▶ Recorded data:

+--

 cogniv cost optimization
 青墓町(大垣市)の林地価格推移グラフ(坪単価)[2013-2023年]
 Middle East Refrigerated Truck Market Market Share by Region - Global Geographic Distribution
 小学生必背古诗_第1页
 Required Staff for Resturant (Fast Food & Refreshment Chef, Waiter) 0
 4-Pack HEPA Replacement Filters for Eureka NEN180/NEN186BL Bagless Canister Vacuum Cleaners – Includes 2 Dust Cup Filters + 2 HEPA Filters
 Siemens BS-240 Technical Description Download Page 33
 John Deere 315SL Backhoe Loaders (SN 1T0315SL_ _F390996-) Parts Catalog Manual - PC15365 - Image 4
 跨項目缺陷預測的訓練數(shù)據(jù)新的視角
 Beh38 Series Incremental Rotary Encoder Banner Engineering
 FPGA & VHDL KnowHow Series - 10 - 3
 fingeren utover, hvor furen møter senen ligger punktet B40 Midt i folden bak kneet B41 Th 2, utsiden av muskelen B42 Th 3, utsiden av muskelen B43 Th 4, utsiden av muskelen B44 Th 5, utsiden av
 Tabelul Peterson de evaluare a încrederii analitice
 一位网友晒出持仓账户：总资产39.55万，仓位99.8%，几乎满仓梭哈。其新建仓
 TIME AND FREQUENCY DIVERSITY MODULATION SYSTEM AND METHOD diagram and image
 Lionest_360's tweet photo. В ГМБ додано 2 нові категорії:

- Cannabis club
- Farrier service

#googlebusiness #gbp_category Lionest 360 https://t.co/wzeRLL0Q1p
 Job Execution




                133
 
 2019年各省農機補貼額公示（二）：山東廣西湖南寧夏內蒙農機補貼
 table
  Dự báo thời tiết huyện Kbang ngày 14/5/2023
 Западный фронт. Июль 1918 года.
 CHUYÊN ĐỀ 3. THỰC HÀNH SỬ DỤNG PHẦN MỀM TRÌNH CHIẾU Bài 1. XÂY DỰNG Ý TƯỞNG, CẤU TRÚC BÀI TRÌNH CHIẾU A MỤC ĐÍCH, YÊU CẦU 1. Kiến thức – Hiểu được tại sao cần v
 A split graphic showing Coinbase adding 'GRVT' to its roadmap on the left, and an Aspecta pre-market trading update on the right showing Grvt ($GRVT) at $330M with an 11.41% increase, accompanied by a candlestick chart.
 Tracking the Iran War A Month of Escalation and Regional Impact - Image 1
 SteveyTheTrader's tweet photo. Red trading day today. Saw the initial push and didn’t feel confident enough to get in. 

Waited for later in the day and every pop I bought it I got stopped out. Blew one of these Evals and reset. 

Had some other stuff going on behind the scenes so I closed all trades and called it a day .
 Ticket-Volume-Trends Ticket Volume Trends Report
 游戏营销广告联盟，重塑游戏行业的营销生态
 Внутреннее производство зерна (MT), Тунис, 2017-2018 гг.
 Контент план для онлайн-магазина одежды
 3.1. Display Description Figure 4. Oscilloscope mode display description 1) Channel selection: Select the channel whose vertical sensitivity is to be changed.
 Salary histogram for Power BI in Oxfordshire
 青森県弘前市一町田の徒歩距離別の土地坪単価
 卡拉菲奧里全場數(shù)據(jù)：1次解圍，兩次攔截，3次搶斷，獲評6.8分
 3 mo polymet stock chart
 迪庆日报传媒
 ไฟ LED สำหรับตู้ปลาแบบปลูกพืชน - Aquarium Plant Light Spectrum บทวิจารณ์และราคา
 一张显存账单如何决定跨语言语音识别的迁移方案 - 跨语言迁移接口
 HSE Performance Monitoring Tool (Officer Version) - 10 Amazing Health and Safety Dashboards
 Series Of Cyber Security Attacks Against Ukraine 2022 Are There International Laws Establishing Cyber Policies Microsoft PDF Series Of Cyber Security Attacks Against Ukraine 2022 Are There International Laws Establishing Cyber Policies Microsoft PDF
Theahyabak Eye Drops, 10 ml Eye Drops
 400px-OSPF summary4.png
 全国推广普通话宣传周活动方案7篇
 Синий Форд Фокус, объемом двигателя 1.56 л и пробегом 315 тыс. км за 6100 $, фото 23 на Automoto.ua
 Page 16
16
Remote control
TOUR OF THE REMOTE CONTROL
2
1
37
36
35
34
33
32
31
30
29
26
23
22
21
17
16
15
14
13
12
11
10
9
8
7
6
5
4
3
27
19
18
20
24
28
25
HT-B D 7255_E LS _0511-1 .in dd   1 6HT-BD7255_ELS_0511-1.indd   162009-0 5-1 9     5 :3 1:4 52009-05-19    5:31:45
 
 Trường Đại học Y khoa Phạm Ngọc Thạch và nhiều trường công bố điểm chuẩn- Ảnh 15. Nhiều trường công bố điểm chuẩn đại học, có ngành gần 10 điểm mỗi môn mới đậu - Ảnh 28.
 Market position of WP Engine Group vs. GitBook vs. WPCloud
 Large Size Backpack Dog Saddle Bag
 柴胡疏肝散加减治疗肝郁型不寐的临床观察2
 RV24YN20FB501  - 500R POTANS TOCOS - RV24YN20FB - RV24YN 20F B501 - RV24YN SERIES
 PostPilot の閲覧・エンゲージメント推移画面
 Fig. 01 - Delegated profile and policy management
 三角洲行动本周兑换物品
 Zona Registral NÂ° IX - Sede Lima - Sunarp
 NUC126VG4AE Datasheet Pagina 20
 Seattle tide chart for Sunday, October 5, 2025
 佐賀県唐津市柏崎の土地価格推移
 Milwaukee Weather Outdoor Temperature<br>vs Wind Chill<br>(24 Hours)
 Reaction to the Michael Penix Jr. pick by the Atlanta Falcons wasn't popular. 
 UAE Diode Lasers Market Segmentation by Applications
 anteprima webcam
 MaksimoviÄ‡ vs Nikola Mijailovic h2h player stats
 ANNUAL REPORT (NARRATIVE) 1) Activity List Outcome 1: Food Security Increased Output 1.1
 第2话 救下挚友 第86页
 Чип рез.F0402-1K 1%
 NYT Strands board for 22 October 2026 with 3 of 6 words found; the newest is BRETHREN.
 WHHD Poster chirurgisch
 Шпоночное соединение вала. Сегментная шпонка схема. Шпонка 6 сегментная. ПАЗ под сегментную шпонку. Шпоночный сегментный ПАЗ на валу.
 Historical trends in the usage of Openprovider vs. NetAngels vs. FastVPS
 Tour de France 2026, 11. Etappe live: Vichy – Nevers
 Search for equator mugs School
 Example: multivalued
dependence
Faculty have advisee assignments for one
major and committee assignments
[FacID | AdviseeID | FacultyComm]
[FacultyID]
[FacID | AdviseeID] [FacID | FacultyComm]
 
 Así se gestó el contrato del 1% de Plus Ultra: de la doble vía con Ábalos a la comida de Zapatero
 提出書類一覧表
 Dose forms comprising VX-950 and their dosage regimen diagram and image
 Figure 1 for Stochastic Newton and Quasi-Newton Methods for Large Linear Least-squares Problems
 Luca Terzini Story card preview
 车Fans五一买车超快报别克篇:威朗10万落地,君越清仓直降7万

+--

▶ EXERCISE DIRECTIONS: For this exercise, the records above must be returned exactly.

▶ FINAL ANSWER:
 cogniv cost optimization
 青墓町(大垣市)の林地価格推移グラフ(坪単価)[2013-2023年]
 Middle East Refrigerated Truck Market Market Share by Region - Global Geographic Distribution
 小学生必背古诗_第1页
 Required Staff for Resturant (Fast Food & Refreshment Chef, Waiter) 0
 4-Pack HEPA Replacement Filters for Eureka NEN180/NEN186BL Bagless Canister Vacuum Cleaners – Includes 2 Dust Cup Filters + 2 HEPA Filters
 Siemens BS-240 Technical Description Download Page 33
 John Deere 315SL Backhoe Loaders (SN 1T0315SL_ _F390996-) Parts Catalog Manual - PC15365 - Image 4
 跨項目缺陷預測的訓練數(shù)據(jù)新的視角
 Beh38 Series Incremental Rotary Encoder Banner Engineering
 FPGA & VHDL KnowHow Series - 10 - 3
 fingeren utover, hvor furen møter senen ligger punktet B40 Midt i folden bak kneet B41 Th 2, utsiden av muskelen B42 Th 3, utsiden av muskelen B43 Th 4, utsiden av muskelen B44 Th 5, utsiden av
 Tabelul Peterson de evaluare a încrederii analitice
 一位网友晒出持仓账户：总资产39.55万，仓位99.8%，几乎满仓梭哈。其新建仓
 TIME AND FREQUENCY DIVERSITY MODULATION SYSTEM AND METHOD diagram and image
 Lionest_360's tweet photo. В ГМБ додано 2 нові категорії:

- Cannabis club
- Farrier service

#googlebusiness #gbp_category Lionest 360 https://t.co/wzeRLL0Q1p
 Job Execution




                133
 
 2019年各省農機補貼額公示（二）：山東廣西湖南寧夏內蒙農機補貼
 table
  Dự báo thời tiết huyện Kbang ngày 14/5/2023
 Западный фронт. Июль 1918 года.
 CHUYÊN ĐỀ 3. THỰC HÀNH SỬ DỤNG PHẦN MỀM TRÌNH CHIẾU Bài 1. XÂY DỰNG Ý TƯỞNG, CẤU TRÚC BÀI TRÌNH CHIẾU A MỤC ĐÍCH, YÊU CẦU 1. Kiến thức – Hiểu được tại sao cần v
 A split graphic showing Coinbase adding 'GRVT' to its roadmap on the left, and an Aspecta pre-market trading update on the right showing Grvt ($GRVT) at $330M with an 11.41% increase, accompanied by a candlestick chart.
 Tracking the Iran War A Month of Escalation and Regional Impact - Image 1
 SteveyTheTrader's tweet photo. Red trading day today. Saw the initial push and didn’t feel confident enough to get in. 

Waited for later in the day and every pop I bought it I got stopped out. Blew one of these Evals and reset. 

Had some other stuff going on behind the scenes so I closed all trades and called it a day .
 Ticket-Volume-Trends Ticket Volume Trends Report
 游戏营销广告联盟，重塑游戏行业的营销生态
 Внутреннее производство зерна (MT), Тунис, 2017-2018 гг.
 Контент план для онлайн-магазина одежды
 3.1. Display Description Figure 4. Oscilloscope mode display description 1) Channel selection: Select the channel whose vertical sensitivity is to be changed.
 Salary histogram for Power BI in Oxfordshire
 青森県弘前市一町田の徒歩距離別の土地坪単価
 卡拉菲奧里全場數(shù)據(jù)：1次解圍，兩次攔截，3次搶斷，獲評6.8分
 3 mo polymet stock chart
 迪庆日报传媒
 ไฟ LED สำหรับตู้ปลาแบบปลูกพืชน - Aquarium Plant Light Spectrum บทวิจารณ์และราคา
 一张显存账单如何决定跨语言语音识别的迁移方案 - 跨语言迁移接口
 HSE Performance Monitoring Tool (Officer Version) - 10 Amazing Health and Safety Dashboards
 Series Of Cyber Security Attacks Against Ukraine 2022 Are There International Laws Establishing Cyber Policies Microsoft PDF Series Of Cyber Security Attacks Against Ukraine 2022 Are There International Laws Establishing Cyber Policies Microsoft PDF
Theahyabak Eye Drops, 10 ml Eye Drops
 400px-OSPF summary4.png
 全国推广普通话宣传周活动方案7篇
 Синий Форд Фокус, объемом двигателя 1.56 л и пробегом 315 тыс. км за 6100 $, фото 23 на Automoto.ua
 Page 16
16
Remote control
TOUR OF THE REMOTE CONTROL
2
1
37
36
35
34
33
32
31
30
29
26
23
22
21
17
16
15
14
13
12
11
10
9
8
7
6
5
4
3
27
19
18
20
24
28
25
HT-B D 7255_E LS _0511-1 .in dd   1 6HT-BD7255_ELS_0511-1.indd   162009-0 5-1 9     5 :3 1:4 52009-05-19    5:31:45
 
 Trường Đại học Y khoa Phạm Ngọc Thạch và nhiều trường công bố điểm chuẩn- Ảnh 15. Nhiều trường công bố điểm chuẩn đại học, có ngành gần 10 điểm mỗi môn mới đậu - Ảnh 28.
 Market position of WP Engine Group vs. GitBook vs. WPCloud
 Large Size Backpack Dog Saddle Bag
 柴胡疏肝散加减治疗肝郁型不寐的临床观察2
 RV24YN20FB501  - 500R POTANS TOCOS - RV24YN20FB - RV24YN 20F B501 - RV24YN SERIES
 PostPilot の閲覧・エンゲージメント推移画面
 Fig. 01 - Delegated profile and policy management
 三角洲行动本周兑换物品
 Zona Registral NÂ° IX - Sede Lima - Sunarp
 NUC126VG4AE Datasheet Pagina 20
 Seattle tide chart for Sunday, October 5, 2025
 佐賀県唐津市柏崎の土地価格推移
 Milwaukee Weather Outdoor Temperature<br>vs Wind Chill<br>(24 Hours)
 Reaction to the Michael Penix Jr. pick by the Atlanta Falcons wasn't popular. 
 UAE Diode Lasers Market Segmentation by Applications
 anteprima webcam
 MaksimoviÄ‡ vs Nikola Mijailovic h2h player stats
 ANNUAL REPORT (NARRATIVE) 1) Activity List Outcome 1: Food Security Increased Output 1.1
 第2话 救下挚友 第86页
 Чип рез.F0402-1K 1%
 NYT Strands board for 22 October 2026 with 3 of 6 words found; the newest is BRETHREN.
 WHHD Poster chirurgisch
 Шпоночное соединение вала. Сегментная шпонка схема. Шпонка 6 сегментная. ПАЗ под сегментную шпонку. Шпоночный сегментный ПАЗ на валу.
 Historical trends in the usage of Openprovider vs. NetAngels vs. FastVPS
 Tour de France 2026, 11. Etappe live: Vichy – Nevers
 Search for equator mugs School
 Example: multivalued
dependence
Faculty have advisee assignments for one
major and committee assignments
[FacID | AdviseeID | FacultyComm]
[FacultyID]
[FacID | AdviseeID] [FacID | FacultyComm]
 
 Así se gestó el contrato del 1% de Plus Ultra: de la doble vía con Ábalos a la comida de Zapatero
 提出書類一覧表
 Dose forms comprising VX-950 and their dosage regimen diagram and image
 Figure 1 for Stochastic Newton and Quasi-Newton Methods for Large Linear Least-squares Problems
 Luca Terzini Story card preview
 车Fans五一买车超快报别克篇:威朗10万落地,君越清仓直降7万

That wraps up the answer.